**Source data:**

· · ·

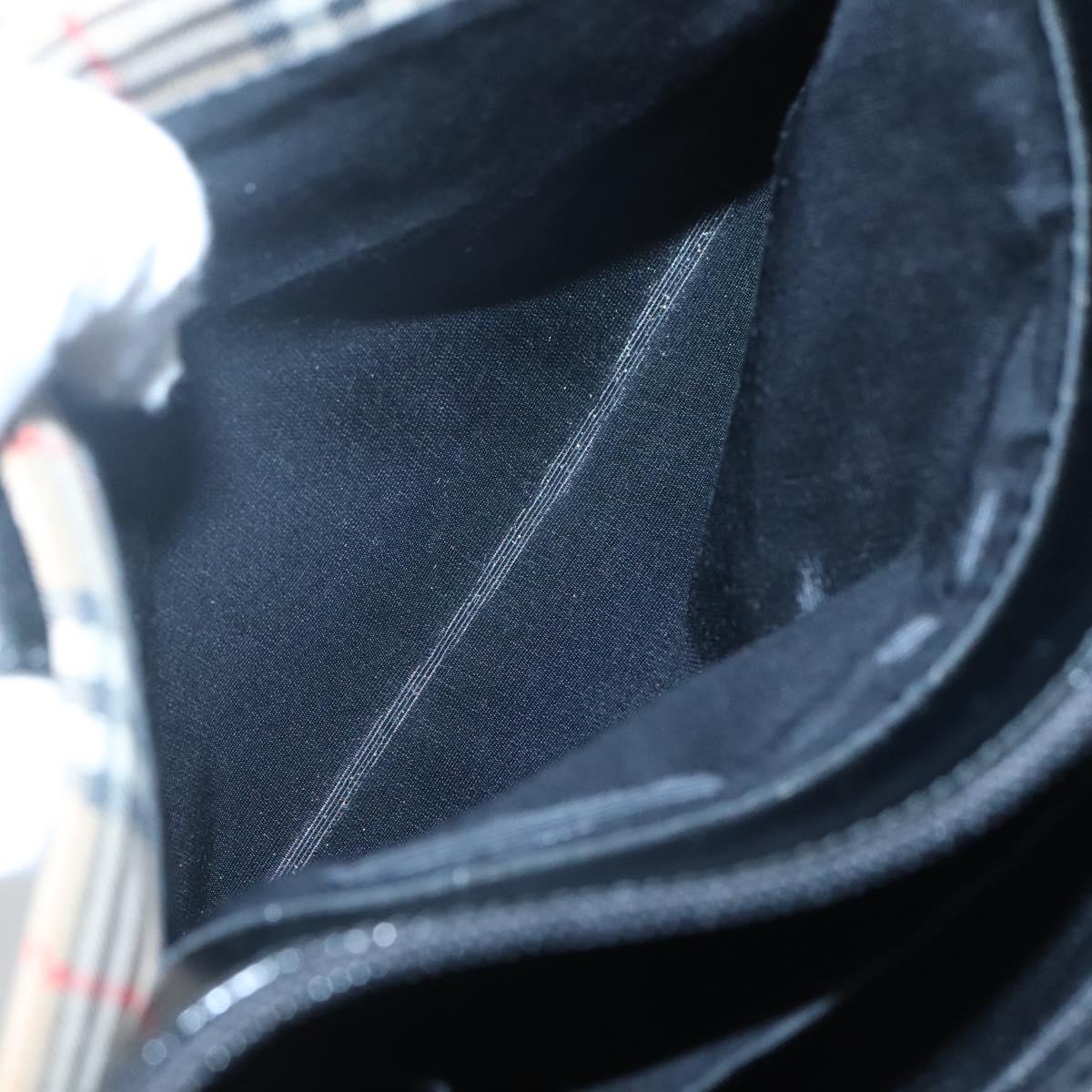 Burberrys Nova Check Hand Bag Canvas Beige Gold Auth sw745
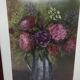 Tableau bouquet de pivoines et fleurs sauvages, années 70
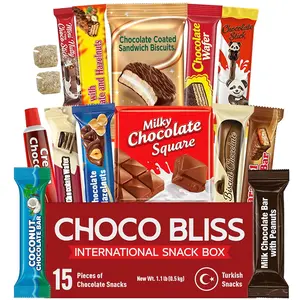 International Snack Box, 15 Assorted Chocolate Bars and Turkish Exotic Candies, Variety Pack of Sweets and Treats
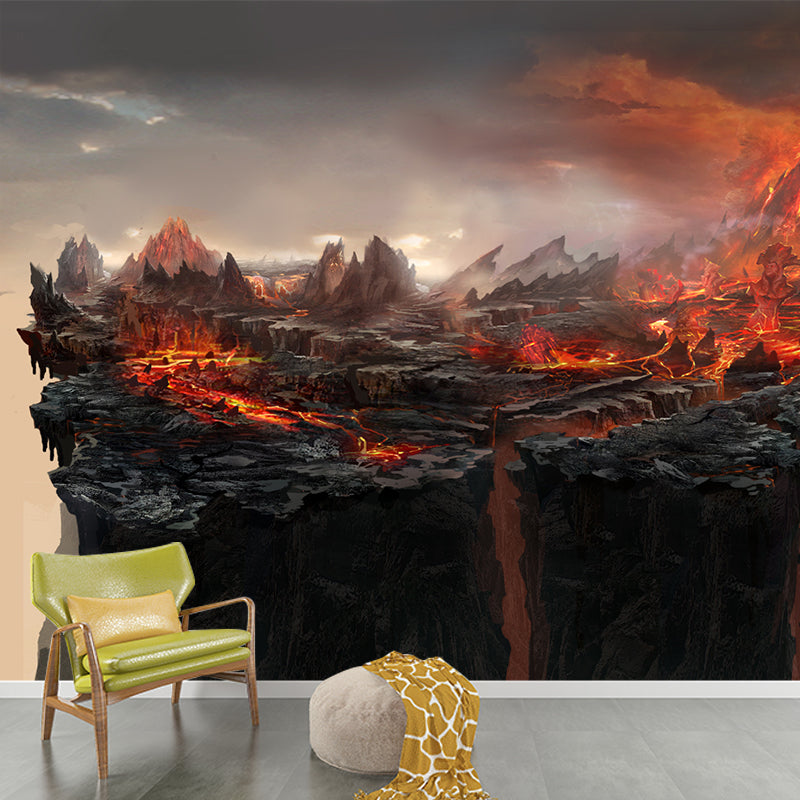 Photography of Volcano Eruption Mural for Accent Wall, Black-Red, Custom Size Available Clearhalo 'Wall Decor' 'Wall Mural' 1501780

· · ·

**Exercise directions:** Would you repeat the material exactly, keeping out any pictures?

**Your solution:**
 Burberrys Nova Check Hand Bag Canvas Beige Gold Auth sw745
 Tableau bouquet de pivoines et fleurs sauvages, années 70
 International Snack Box, 15 Assorted Chocolate Bars and Turkish Exotic Candies, Variety Pack of Sweets and Treats
 Photography of Volcano Eruption Mural for Accent Wall, Black-Red, Custom Size Available Clearhalo 'Wall Decor' 'Wall Mural' 1501780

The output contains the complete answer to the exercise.